A Emenda Constitucional n.° 96, que estabeleceu o controle externo através do Conselho Nacional de Justiça e do Conselho Nacional do Ministério Público é de minha autoria. O Judiciário é um poder autônomo, que a gente respeita e tem independência em relação a governos, partidos, mídia e opinião pública. A atividade jurisdicional não pode ser controlada. Agora, há uma coincidência matemática do julgamento com as eleições. Mesmo sendo obrigado a cumprir (a sentença), tenho o direito de discutir qualquer decisão do Judiciário.
No dia da votação, o sr. disse que a ditadura, hoje, é a da caneta e que jornalistas são abutres que torturam a alma. O sr. quer controlar a mídia?
Eu defendi na Constituinte a plena liberdade da imprensa e ajudei a aprovar a Lei de Acesso à Informação.
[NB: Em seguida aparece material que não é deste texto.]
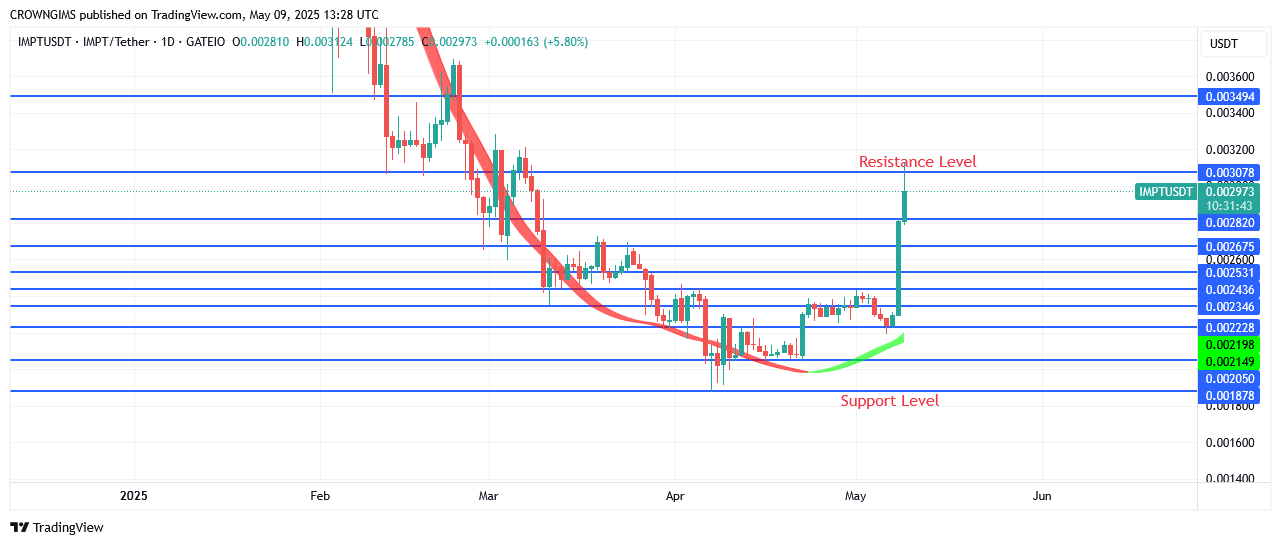 IMPTUSDT Price Is Heading Towards Moon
O meu desabafo ocorreu porque um jornalista me seguiu até a cabine, colocou um gravador na minha boca e começou a fazer perguntas em voz alta, me provocando.
A carta de sua filha, Miruna, dizendo que sua família entra agora num período de incertezas, o emocionou?
Muito (fica com a voz embargada).Eu disse para meus filhos o seguinte: “O pai de vocês não tem riqueza, mas tem honra e dignidade e vocês jamais terão vergonha dele. Diante da humilhação e da servidão, o pai de vocês prefere o risco do combate”.